Cette tolérance technique reconnaît la réalité industrielle : la plupart des gobelets carton nécessitent une fine couche de polymère pour assurer l’étanchéité. L’interdiction complète du plastique dans ces contenants, initialement prévue pour 2026, a été reportée au 1er janvier 2030. Ce délai supplémentaire s’explique par l’absence d’alternatives pleinement opérationnelles à grande échelle, selon le bilan d’étape mené fin 2025.

Au-delà de la simple conformité, cette transition répond à des enjeux d’image de marque et de responsabilité sociétale. Les entreprises engagées dans des démarches RSE y voient un levier concret pour réduire leur impact environnemental. Les organisateurs d’événements cherchent à éviter les accusations de greenwashing tout en offrant une expérience cohérente avec leurs valeurs affichées. La réglementation impose désormais un cadre minimal, mais la pression sociale pousse à aller plus loin.

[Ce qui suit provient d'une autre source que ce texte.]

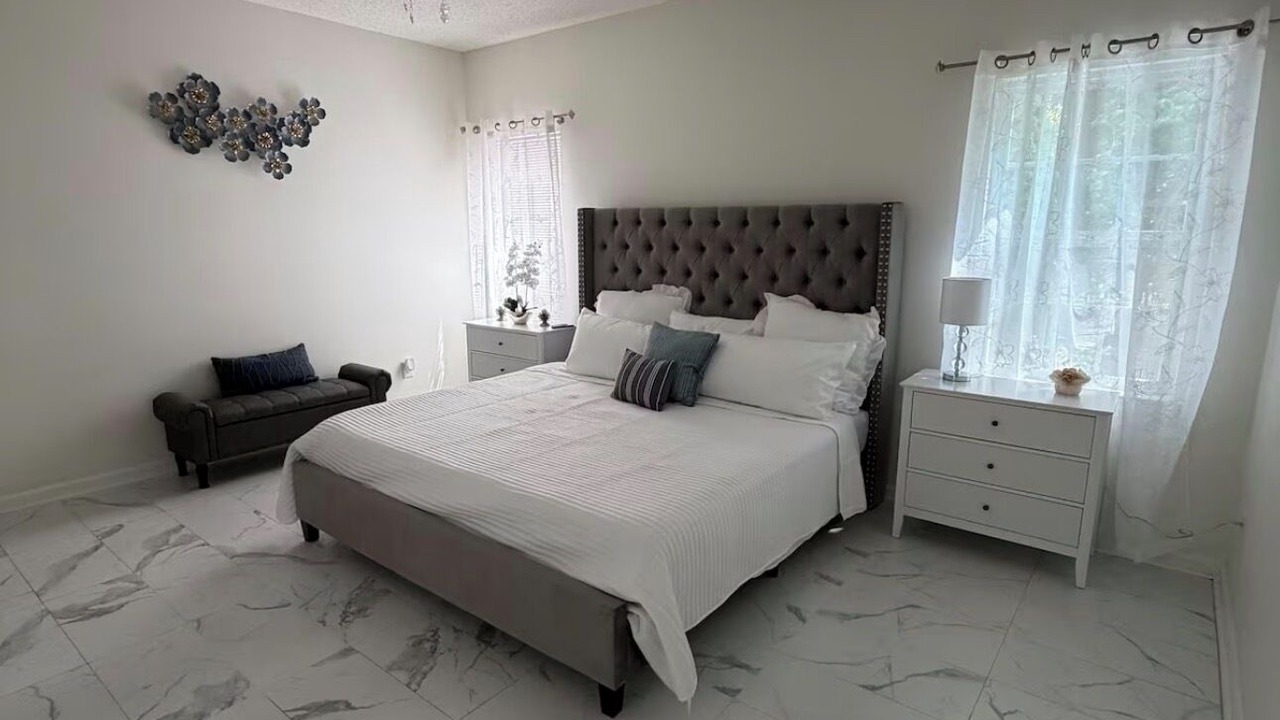 Photo of Bedroom in Southeast Raleigh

Décrypter la composition : que contient réellement un gobelet en carton recyclable ?

Un gobelet en carton recyclable n’est jamais constitué de carton pur. Sa structure multicouche associe trois éléments distincts : une paroi externe en carton certifié (idéalement FSC ou PEFC pour garantir une gestion durable des forêts), une fine pellicule intérieure de polyéthylène (PE) représentant 6 à 7% de la composition totale, comme les données 2024 publiées par Citeo le confirment, et une couche d’encre végétale pour les impressions. Ce film PE assure l’imperméabilité indispensable aux liquides chauds ou froids.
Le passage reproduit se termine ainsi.